Maryland's Trans-Elect announces Atlantic Wind Connection backbone transmission project; mid-Atlantic transmission system will accelerate offshore wind development, be able to connect 6,000 MW to mainland grid
October 12, 2010
– Will Enable Offshore Wind Energy Growth in Mid-Atlantic Region, Spur Jobs and Economic Growth
Capturing the enormous potential of offshore wind energy along the Mid-Atlantic coast took a significant step forward today with the announcement of the Atlantic Wind Connection (AWC) backbone transmission project led by well-established independent transmission company Trans-Elect and sponsored by Good Energies, Google (NASDAQ: GOOG) and Marubeni Corporation (TYO: 8002).
Designed to accelerate offshore wind development, the AWC project will help the industry create thousands of jobs, improve consumer access to clean energy sources, and increase the reliability of the Mid-Atlantic region's existing power grid.
“This new American super grid off the Mid-Atlantic coast will unlock an important untapped resource, creating the foundation for a new industry and jobs for thousands of American workers,” said Bob Mitchell, CEO of Trans-Elect.
The Mid-Atlantic region offers more than 60,000 MW of offshore wind potential in the relatively shallow waters of the outer continental shelf. These shallow waters, which extend miles out to sea, allow for the development of large, distant wind farms, mitigating visibility issues and allowing for greater energy capture from stronger winds. With few other renewable energy options ideally suited for the Atlantic coast, this transmission project will help states meet their renewable energy goals and standards by enabling the local offshore wind industry to deploy thousands of megawatts of clean, cost-effective energy.
Without a transmission backbone, offshore wind developers would be forced to bring energy to land via radial lines that can make balancing the region’s existing grid more difficult. In addition, a single offshore backbone with a limited number of landfall points will minimize the environmental impacts of building multiple individual radial lines to shore. The AWC project not only reduces the need to build many lower-capacity transmission lines, but relieves grid congestion in one of two National Interest Electric Transmission Corridors which were deemed to have significant transmission network congestion and need speedy creation of transmission capacity.
When complete, the AWC backbone will be able to connect 6,000 MW of offshore wind, enough power to serve approximately 1.9 million households. The system is also scalable and can be expanded to accommodate additional offshore wind energy as the industry further develops. The use of High Voltage Direct Current (HVDC) technology allows for easier integration and control of multiple wind farms while avoiding the electrical losses associated with more typical High Voltage Alternating Current (HVAC) lines. With this strong backbone in place, larger and more energy efficient wind farms can connect to offshore power hubs further out to sea. These power hubs will in turn be connected via sub-sea cables to the strongest, highest capacity parts of the land-based transmission system.

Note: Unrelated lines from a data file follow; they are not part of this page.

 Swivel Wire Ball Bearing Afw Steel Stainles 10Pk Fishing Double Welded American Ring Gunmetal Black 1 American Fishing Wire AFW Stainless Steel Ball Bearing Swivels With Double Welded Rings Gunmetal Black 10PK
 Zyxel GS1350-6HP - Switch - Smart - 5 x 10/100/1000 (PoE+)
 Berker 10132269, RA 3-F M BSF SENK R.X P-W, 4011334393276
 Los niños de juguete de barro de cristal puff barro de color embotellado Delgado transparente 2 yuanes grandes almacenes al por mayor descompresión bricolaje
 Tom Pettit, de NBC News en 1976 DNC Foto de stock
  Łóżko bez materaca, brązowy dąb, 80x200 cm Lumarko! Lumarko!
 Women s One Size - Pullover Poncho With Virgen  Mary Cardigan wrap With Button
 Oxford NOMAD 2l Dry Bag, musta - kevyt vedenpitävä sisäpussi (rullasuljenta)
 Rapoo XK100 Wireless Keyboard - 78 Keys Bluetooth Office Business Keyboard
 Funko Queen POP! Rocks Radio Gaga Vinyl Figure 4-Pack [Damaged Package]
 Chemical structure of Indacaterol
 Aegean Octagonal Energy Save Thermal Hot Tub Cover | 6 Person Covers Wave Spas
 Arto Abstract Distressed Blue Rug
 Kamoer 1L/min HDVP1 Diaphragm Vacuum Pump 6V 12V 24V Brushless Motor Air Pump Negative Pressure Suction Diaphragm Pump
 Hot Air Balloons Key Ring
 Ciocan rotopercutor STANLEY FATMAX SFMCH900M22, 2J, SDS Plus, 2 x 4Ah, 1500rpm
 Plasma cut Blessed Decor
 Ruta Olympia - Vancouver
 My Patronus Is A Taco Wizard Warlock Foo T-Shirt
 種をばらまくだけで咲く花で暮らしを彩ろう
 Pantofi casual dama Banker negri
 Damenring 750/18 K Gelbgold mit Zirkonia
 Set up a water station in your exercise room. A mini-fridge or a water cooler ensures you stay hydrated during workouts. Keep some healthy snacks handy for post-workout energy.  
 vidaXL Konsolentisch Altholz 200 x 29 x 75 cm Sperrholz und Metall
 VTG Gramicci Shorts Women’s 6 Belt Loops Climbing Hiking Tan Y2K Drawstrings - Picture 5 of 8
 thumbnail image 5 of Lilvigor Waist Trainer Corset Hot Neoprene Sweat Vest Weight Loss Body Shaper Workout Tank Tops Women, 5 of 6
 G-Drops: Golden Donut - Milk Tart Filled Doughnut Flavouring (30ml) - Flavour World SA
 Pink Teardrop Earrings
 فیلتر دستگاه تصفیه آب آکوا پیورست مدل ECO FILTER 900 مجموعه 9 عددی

In addition to enabling the production of thousands of megawatts of clean power, the AWC backbone will help spur the creation of local jobs. Development of wind energy off the Atlantic coast could create between 133,000 and 212,000 U.S. jobs according to Oceana, an ocean-conservation group. The U.S. Department of Energy also estimates that more than 43,000 permanent operations and maintenance jobs would be created if 54,000 MW of offshore wind turbines were installed by 2030. For comparison, the offshore wind industry in Europe is expected to create 215,000 new jobs by 2030.
The Obama Administration, as well as Governors, Members of Congress and key state legislators from New Jersey, Delaware, Maryland and Virginia, have expressed strong support for offshore wind development.
“The AWC backbone will both relieve transmission congestion in one of the nation’s most restricted power markets as well as enable the development of a huge offshore wind capacity that can bring stability and security to the Eastern Power Grid,” said John Breckenridge, Managing Director at Good Energies. “With this line in place, offshore projects can be constructed at lower cost, with less impact on the environment and with the ability to deliver power wherever it is needed along the Mid-Atlantic coast.”
“We’re excited about the potential of this project to help the Mid-Atlantic states meet their renewable energy goals by providing a platform that can rapidly accelerate the deployment of clean offshore wind at lower total cost,” said Rick Needham, Director of Green Business Operations at Google. “Transmission is one of the key constraints to the wider adoption of clean energy, so this project was a natural fit with our corporate goal of investing in attractive renewable energy projects that can have dramatic impact.”
“The U.S. will require large investments in its electric transmission grid to meet its renewable and energy independence goals,” said Richard Straebel, Executive Vice President of Marubeni Power International. “Over the past few years this sector has been an increasingly important part of Marubeni's U.S. power market activities and we are very excited about our role in this strategic and transformational project.”
AWC’s filing with the Federal Energy Regulatory Commission later this year will outline details of the project including how it benefits consumers and businesses by improving power flows across the region. The project will continue collaborating with developers and officials to map the optimal path for the line. To begin construction, AWC will need approval from federal, state, regional and local regulators as well as from PJM, the region’s grid operator.